Work item -> Retype the line in which "Photo 13 VIN: 1HGCP2F83BA040668" appears, then every line after it until the records end. Leave out the pictures.

[Given information — start]

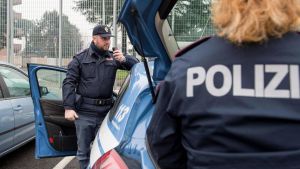 Firenze, racconto choc di una ragazza: “Mi ha violentata in casa”, indagini sulla notte da incubo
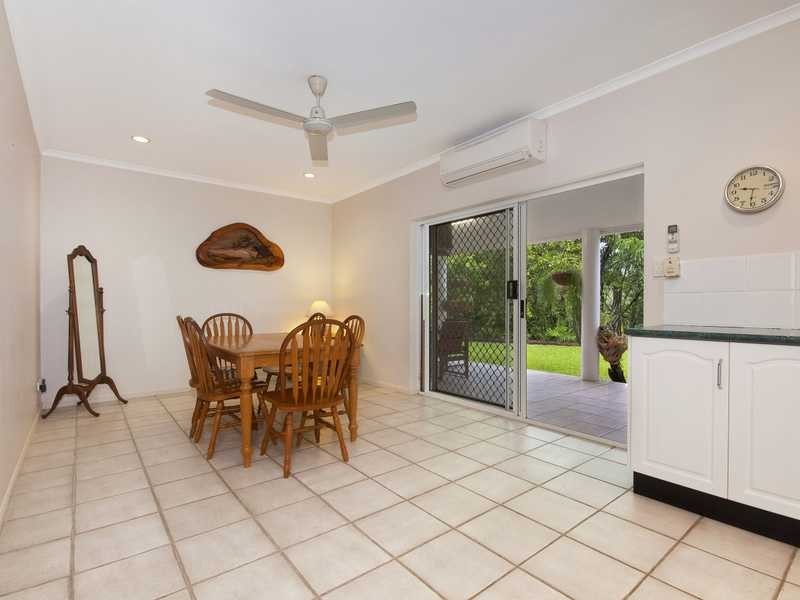6 Fay Close, Brinsmead QLD 4870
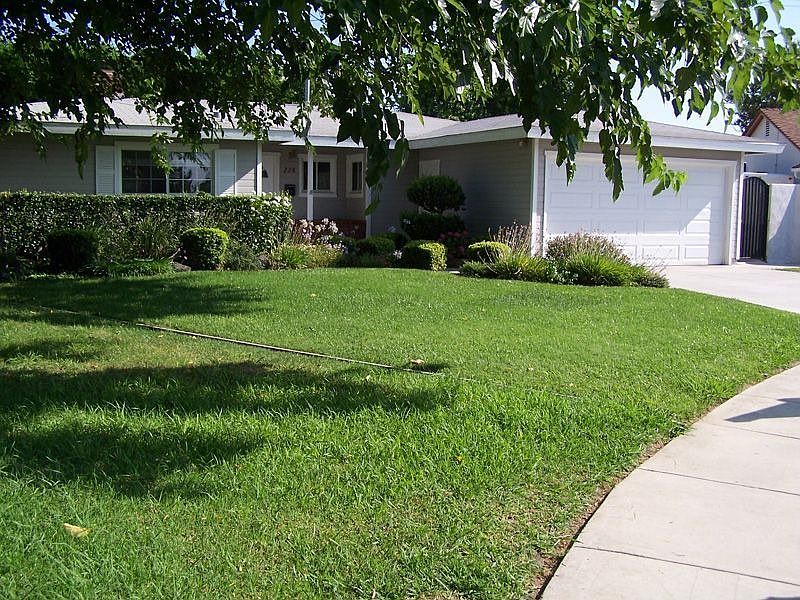 Adorable! Great Curb-Side Appeal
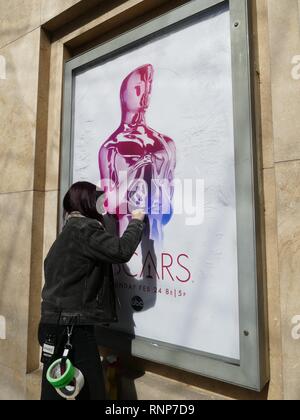 Los Angeles, Stati Uniti d'America. 19 Feb, 2019. I preparativi per l'Oscar nella parte anteriore del Dolby Theatre lungo la Hollywood Boulevard. Il 91Oscar cerimonia avrà luogo il 24.02.2019. (A dpa " Conto alla rovescia per l'Oscar - Scrutini saranno conteggiati' dal 20.02.2019) Credito: Barbara Munker/dpa/Alamy Live News Foto Stock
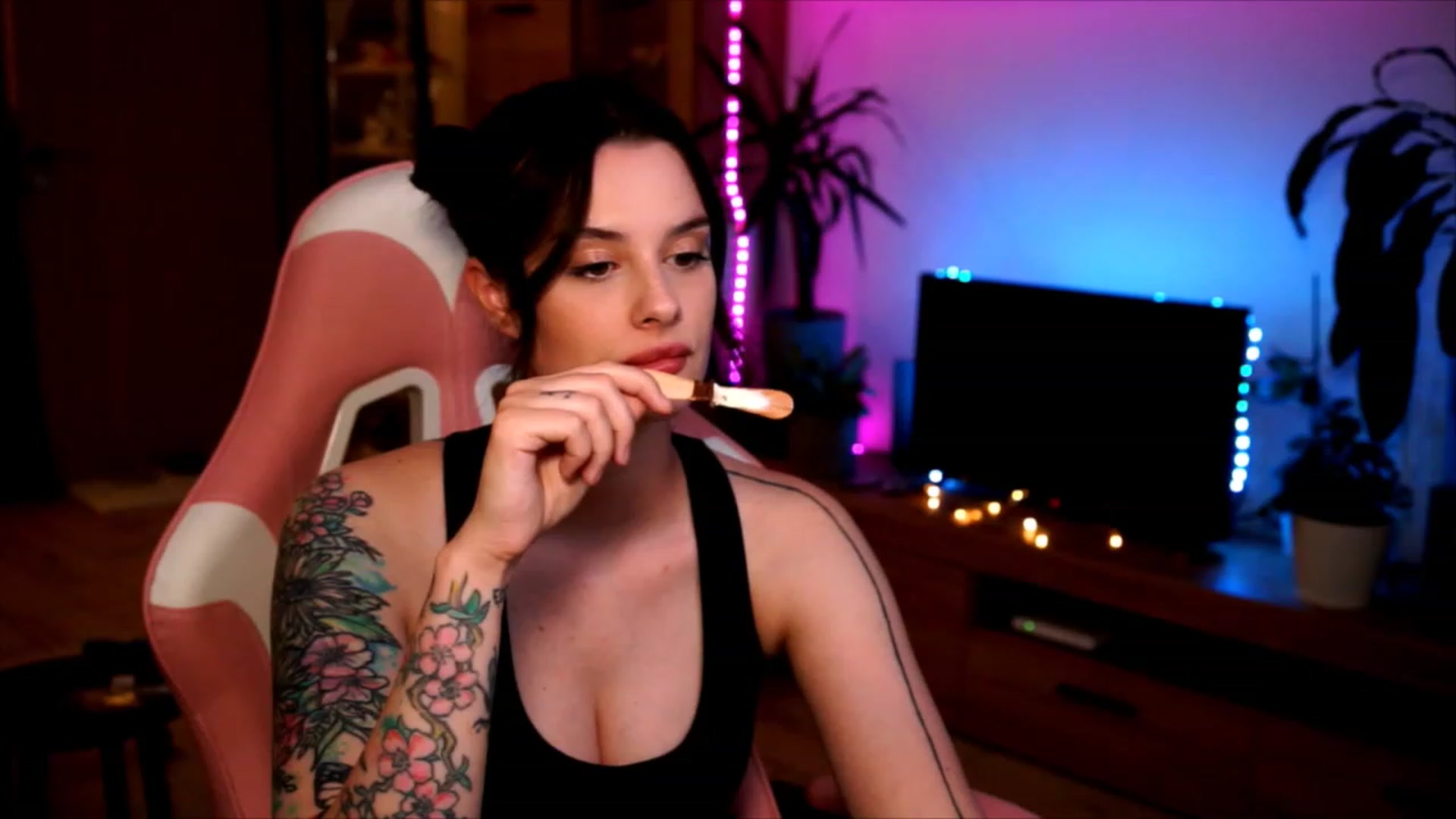 Gallery image thumbnail from lucynutty's myfreecams stream on, 06/11/2023, 19:50 image 10 of 20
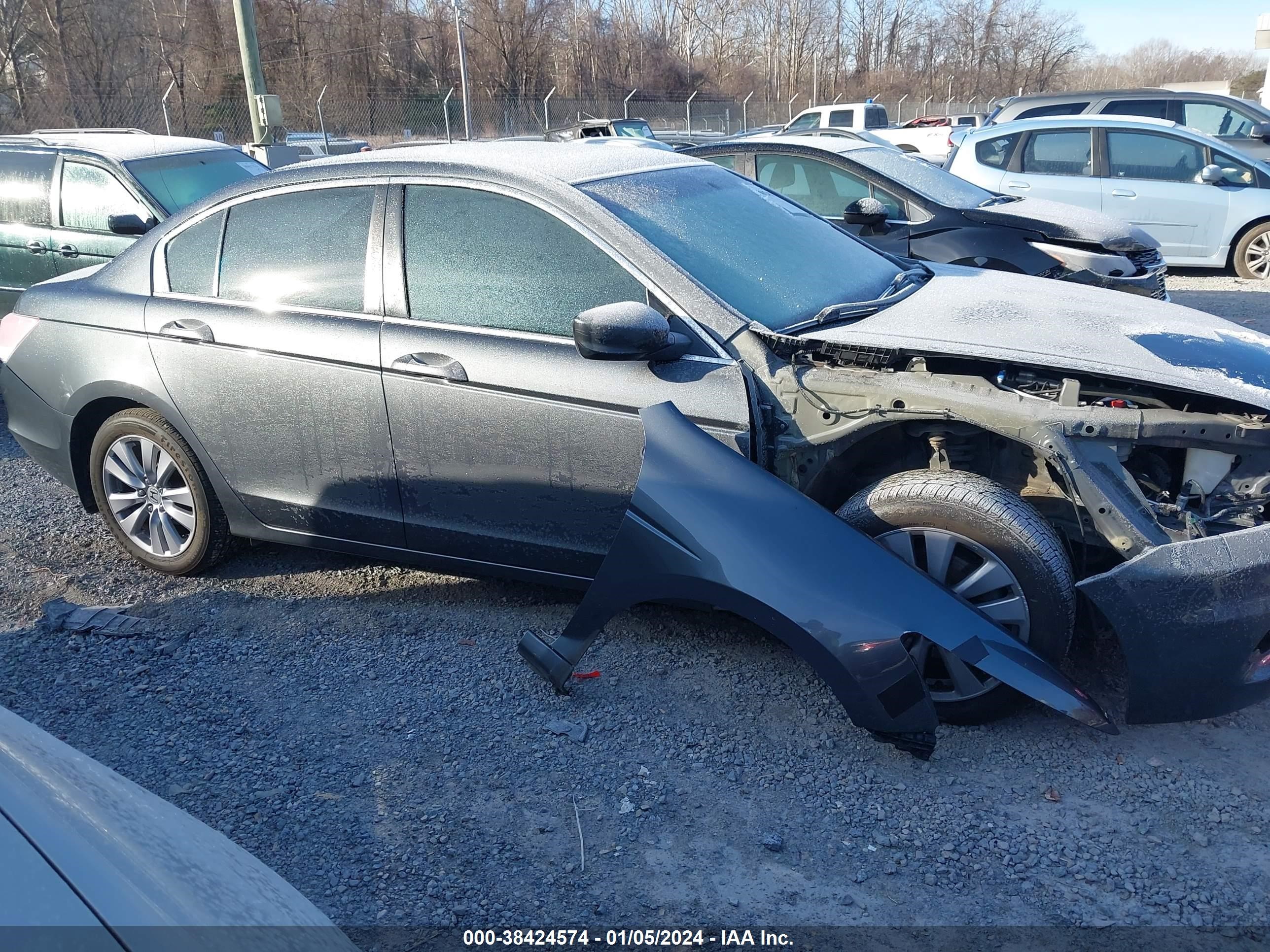 Photo 13 VIN: 1HGCP2F83BA040668 - HONDA ACCORD 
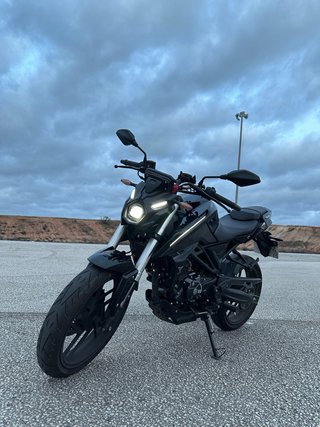 Voge 125R Negra - Moto Naked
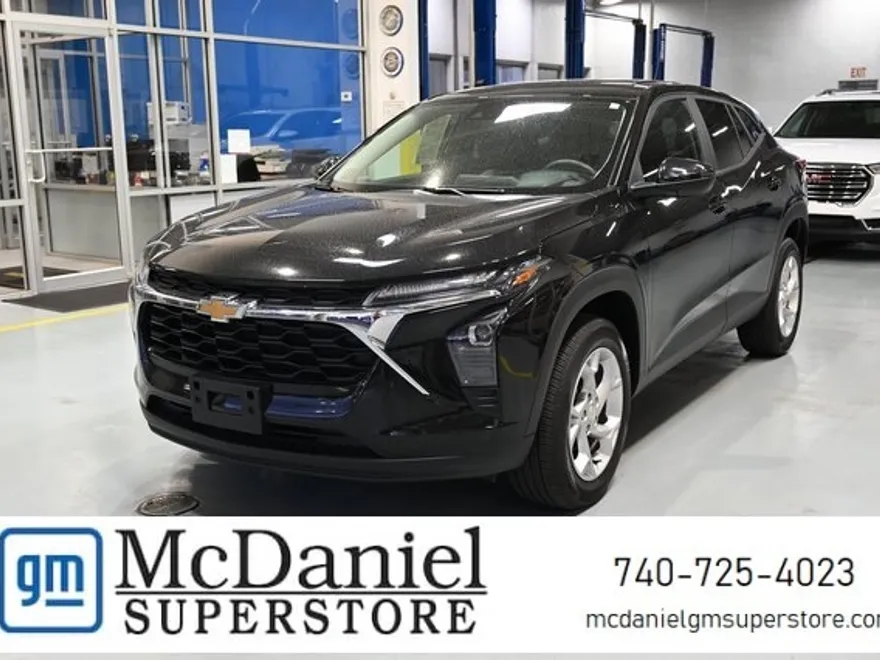 2024 Chevrolet Trax LS photo 1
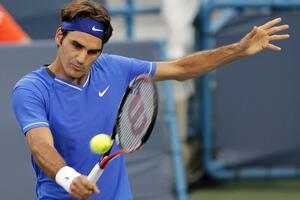 Federer lako do četvrtfinala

[Given information — finish]

Your solution ->
 Photo 13 VIN: 1HGCP2F83BA040668 - HONDA ACCORD 
 Voge 125R Negra - Moto Naked
 2024 Chevrolet Trax LS photo 1
 Federer lako do četvrtfinala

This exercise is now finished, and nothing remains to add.